I also fixed the AI problems I was talking about by hacking at it and adding a few special cases to prevent dwarves from, say, picking up the same resource or placing a block at the same location. They do this just by "reserving" certain resources for themselves, similar to the concept of how a mutex works in multithreaded applications.
One of the cool things that the new Sim City did was to treat all moving entities as a particle system, essentially seeing the homes as faucets turning on to spill its inhabitants down the streets, flowing into the factories which acted like buckets with localized gravity in them... sort of.*
Maybe that sort of abstraction isn't necessary here though.
Another new idea is the "flow fields" of Planetary Annihilation, if you care to watch that video. I found it really incredible. Maybe these ideas aren't suited here, but perhaps considering them will yield some new inspiration?
* Sort of not cool that the marketing department then stated the exact opposite, but still.
I think flow fields and other techniques for pathfinding are cool for some applications. They're very efficient, and don't require much intelligence on the part of the agent. The trouble is, an agent in a flowfield can't easily form a "long term plan" and will fall into local minima, perhaps getting stuck in a loop. I want the dwarves in my game to be able to decide "I need to go to this stockpile, grab this thing, and then take it over there." without the player telling them each step. At the moment, planning isn't a huge bottleneck -- its just annoying for me to code.
So what's the bottleneck now? Is the actual rendering an issue, or is it mostly iterating through the data? Are you storing full chunks by slice/row/column, or as smaller chunks for (better?) cache access? Since there appear to be sizable swaths of the same voxel type, can those be aggregated and rendered together or would that be too complex for not much reward?
Right now I apparently spend 36% of my time on updating (AI, physics, input, etc.), and the remainder on rendering. I spend most of my rendering time rendering things like trees and shrubs. The actual voxel rendering is now so optimized that it's negligible in comparison. Even rendering the water is pretty fast.
Any thoughts on using behavior trees for your AI? Don't take that as a hint to go off on a coding tangent though
. For my own debugging, I've had difficulty balancing the need to visualize what's going on in my behavior tree with the time it takes to implement the feedback visuals. So far, I really don't have much feedback beyond drawing simple debug gizmos and relying on lots of unit tests for the core.

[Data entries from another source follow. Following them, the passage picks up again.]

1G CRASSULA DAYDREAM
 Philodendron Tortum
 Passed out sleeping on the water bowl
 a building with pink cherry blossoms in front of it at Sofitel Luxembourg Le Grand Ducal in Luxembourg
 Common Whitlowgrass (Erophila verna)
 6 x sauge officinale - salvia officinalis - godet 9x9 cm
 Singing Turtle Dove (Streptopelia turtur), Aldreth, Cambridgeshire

At my job (at a robotics lab), we started out at the very beginning implementing behavior trees, and code everything at that level. It turns out that the benefits of behavior trees (online code creation, inspecting the logic as it runs, automatic parallelization, etc.) are *far* outweighed (at least in our experience) by the numerous disadvantages. To implement even basic logical constructs (like nested if-else statements, loops, switches, etc.) requires a ton of boilerplate code. Sharing state requires boilerplate code as well. Even with operator overloading, or using data files, constructing behaviors is still tedious. I guess this is why most games I have heard of resort to scripting languages of some kind rather than state machines, action planning, or behavior trees.